# "Cup" Messages on Overpasses???



## thetrailboss (Jun 13, 2005)

I was driving home last night from Worcester on Route 2 when we came upon another message on a highway overpass spelled out with cups on the chainlink fence.  You know, the ones that say, "I love you Jim," or something like that?   :roll:   I've only seen this phenomenon on I-93, Route 3, and Route 2 in Eastern MA and it seems to end around Manchester or so.  

OK, I could not find a picture of this 'artwork,' but here is an article from the Eagle Tribune newspaper in Salem, MA



> Overpass art is nothing to worry about
> There is growing concern that a new form of self-expression is dangerous and needs to be controlled. We're talking about messages on highway overpasses spelled out in plastic cups or written on bedsheets stuck to chain-link fencing.
> Messages are appearing everywhere -- birthday greetings, professions of love, support for our troops. And, as we do with most enthusiasm, people may be going a little overboard.
> The concern expressed by state police and highway officials is that drivers on the highways below may be distracted by the messages and cause accidents. We don't know of a single accident that can be attributed unquestionably to a highway sign. And if we want laws limiting everything that could conceivably, somehow cause injury to someone somewhere, well, we're going to have a lot more laws on the books.
> ...



So does some have an explanation of why this fade is so big in Eastern MA?  Is there something I'm missing?  AWF?  riverc0il?  Do you Merrimack Valley natives have any explanations?


----------



## ctenidae (Jun 13, 2005)

It's a redneck thing. Yes, there are rednecks in the north.

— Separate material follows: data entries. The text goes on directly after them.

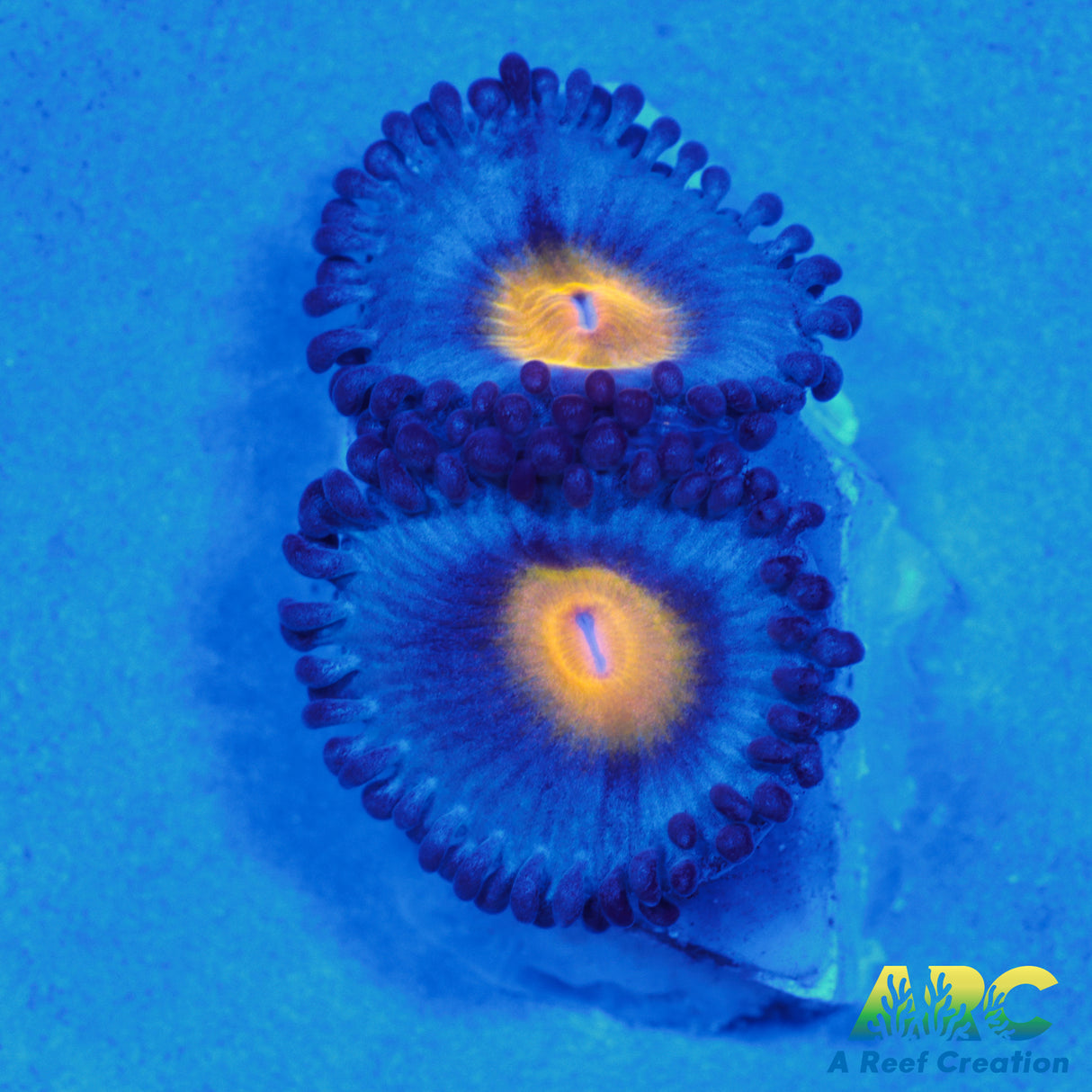 WWC AOI zoas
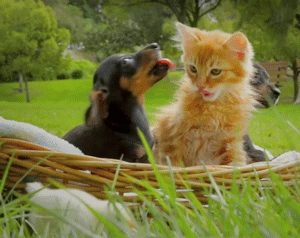 doc204628036_314040393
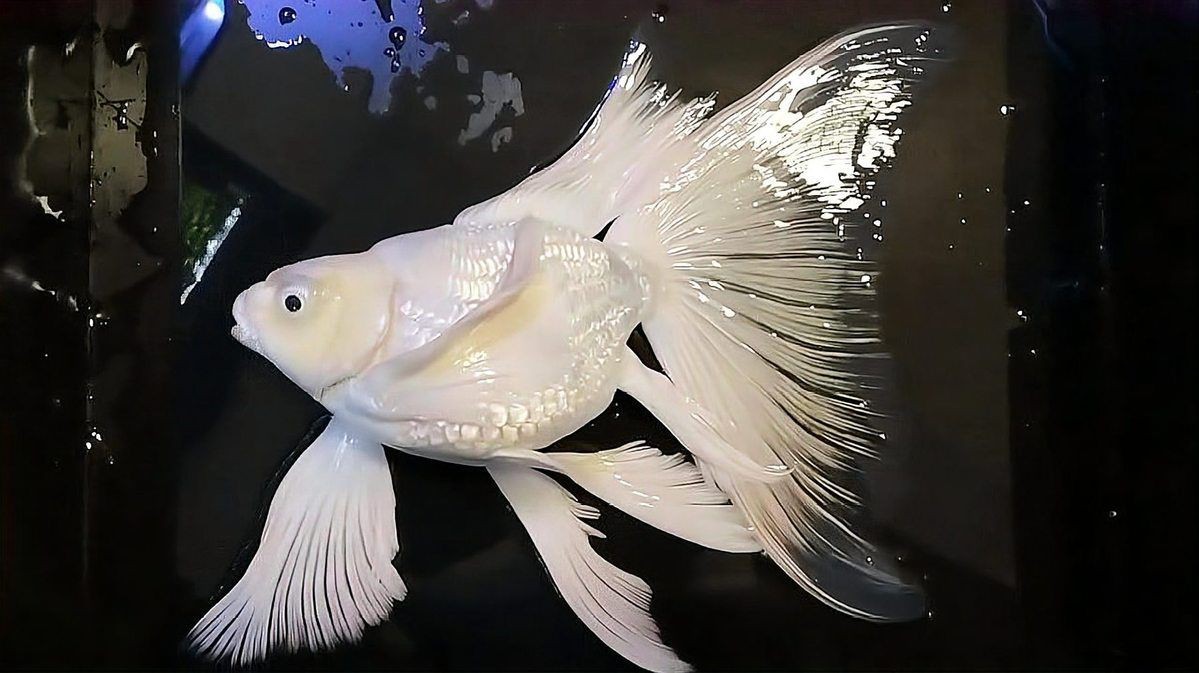蝴蝶鯉最怕三個東西【養蝴蝶鯉總養不活老魚友的5字訣,讓魚鰭像婚紗一樣飄逸】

Still, can't touch the "Chicken Farmer- I Still Love You!" on the rock near Sunapee.


----------



## flyingfree (Jun 13, 2005)

I see them all the time on I95..NH, MA, Everette Turnpike, NH and on down to NJ.

I think they are interesting.    

As far as distracting people, well I don't see how these signs can be any worse than the following activities I've witnessed in cars:

The people who are on their cell phones, weaving in and out of traffic because they are LATE (probably due to a Duncun Donuts line) while shaving/putting on makeup and eating said donut, carefully balancing the liabellous cup of boiling, hot coffee on the dashboard as they watch the 115th replay of Little Mermaid on the "on board" TV, while supervising a fight between two kids who are also tired of the 115 replay of Little Mermaid...ooppps brake lights ahead, 4 lanes to 1 due to bridge painting or road paving..... 

Hey.....What did that sign with all the cups say?????


----------



## MichaelJ (Jun 13, 2005)

Can't be any worse than the official info message boards flashing out not anything important, just repeating to "buckle up"...


----------



## flyingfree (Jun 13, 2005)

Or "give them a brake"


----------



## thetrailboss (Jun 13, 2005)

ctenidae said:
			
		

> It's a redneck thing. Yes, there are rednecks in the north.
> 
> Still, can't touch the "Chicken Farmer- I Still Love You!" on the rock near Sunapee.



I don't see these signs north of Manchester though...wondering why it is only in SNH or in Mass?   :blink:


----------



## ctenidae (Jun 13, 2005)

"wondering why it is only in SNH or in Mass?"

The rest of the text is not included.